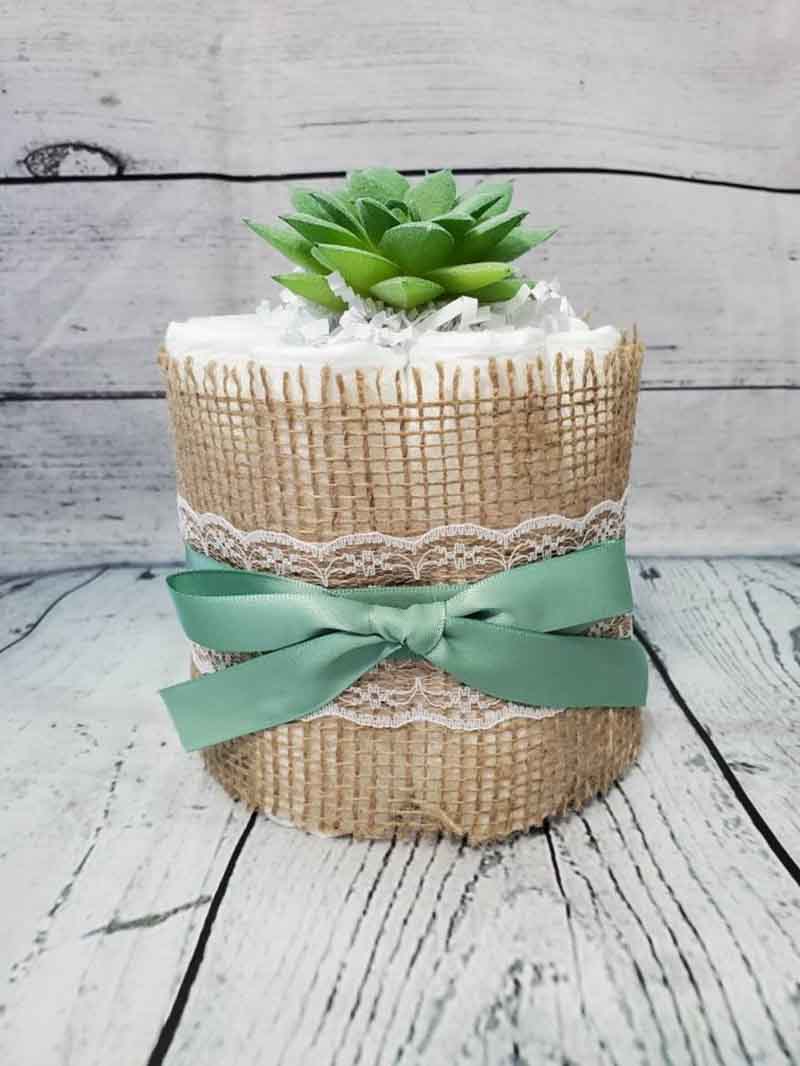 burlap wrapped pampers with a succulent topper for easy diaper gift ideas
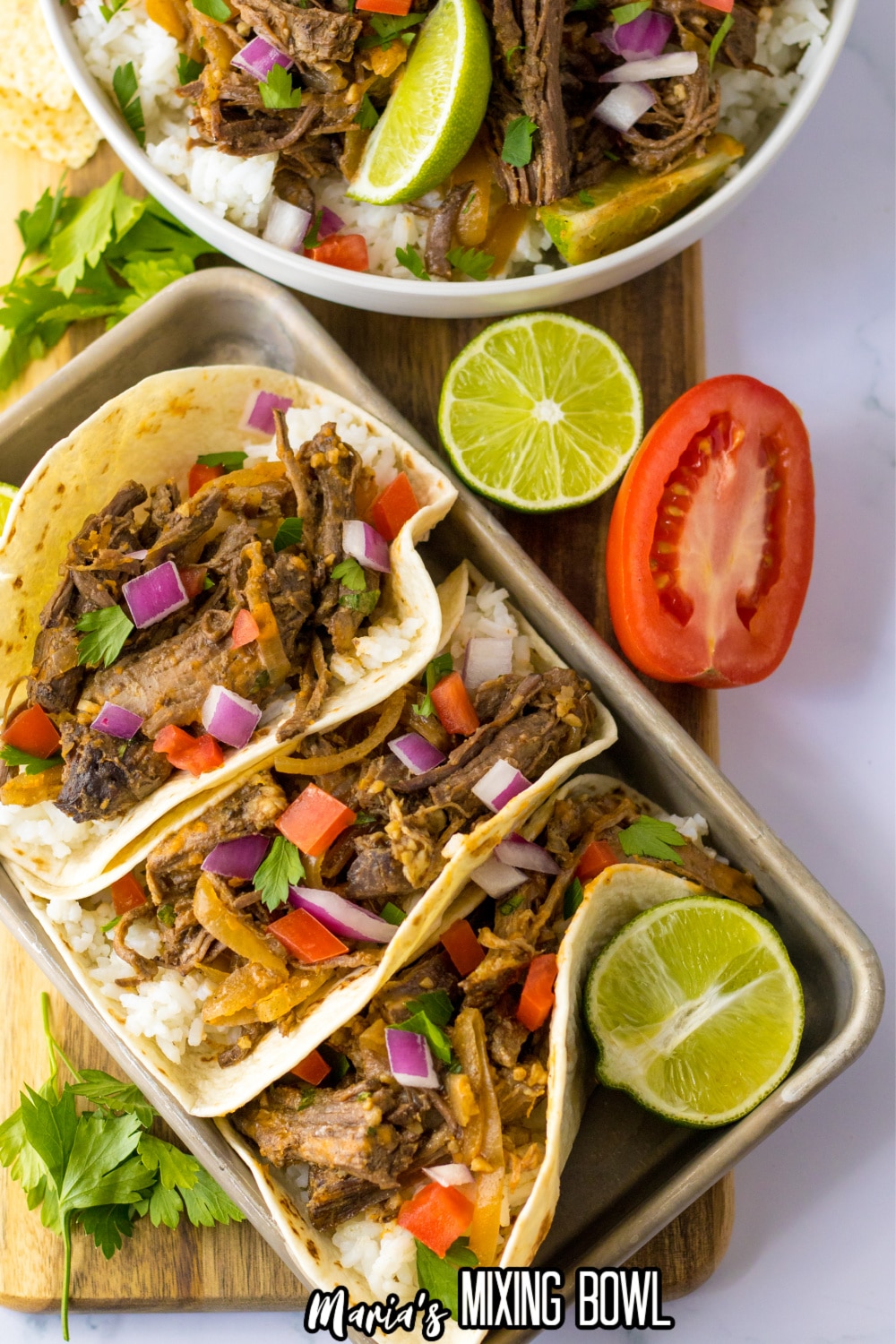 copycat chipotle barbacoa tacos on a metal baking tray with a lime half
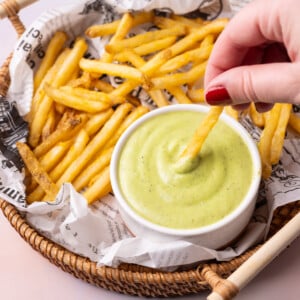 Close up action shot of dipping a crispy French fry into homemade avocado-based ranch dressing.
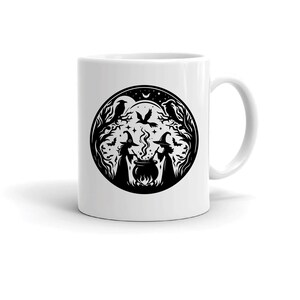 May include: White ceramic mug with a black and white illustration of two witches stirring a cauldron in a forest setting. The illustration includes ravens, stars, and a full moon.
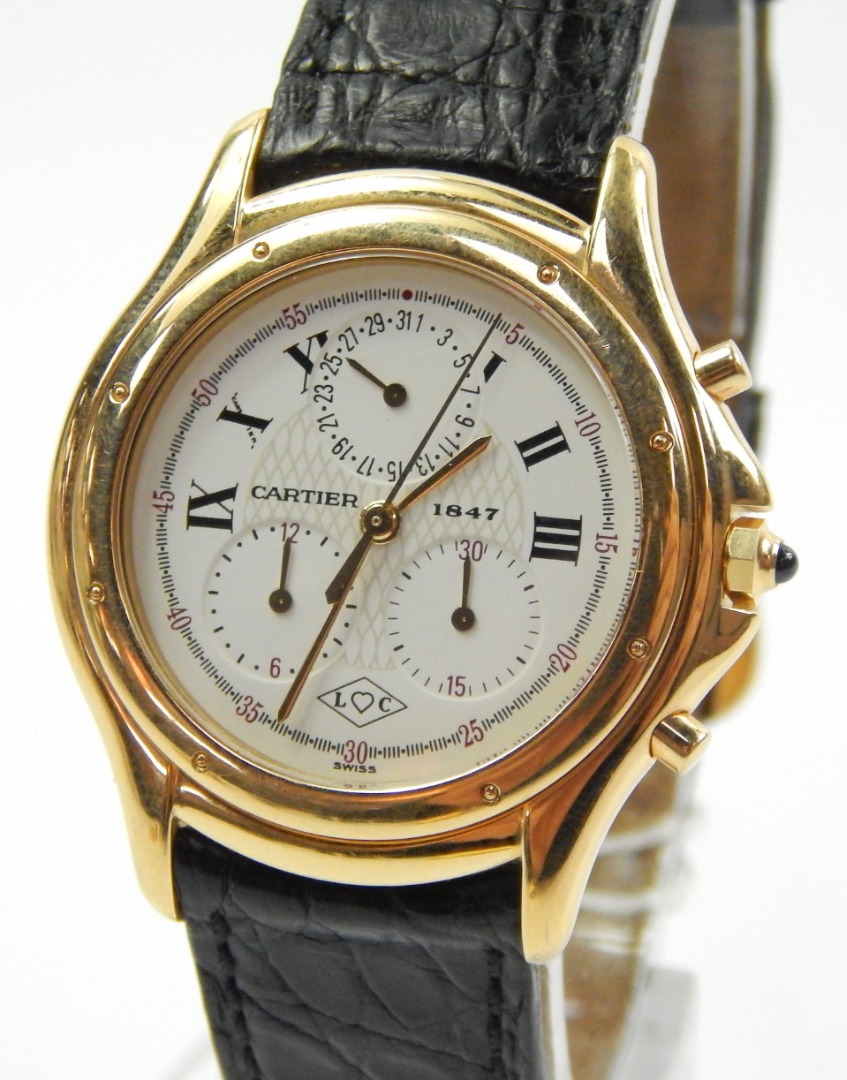 Appraisal: A Cartier Cougar ct gold chronograph wristwatch with white dial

The task – Your copy should match every record exactly and contain no pictures.

Problem solution –
 burlap wrapped pampers with a succulent topper for easy diaper gift ideas
 copycat chipotle barbacoa tacos on a metal baking tray with a lime half
 Close up action shot of dipping a crispy French fry into homemade avocado-based ranch dressing.
 May include: White ceramic mug with a black and white illustration of two witches stirring a cauldron in a forest setting. The illustration includes ravens, stars, and a full moon.
 Appraisal: A Cartier Cougar ct gold chronograph wristwatch with white dial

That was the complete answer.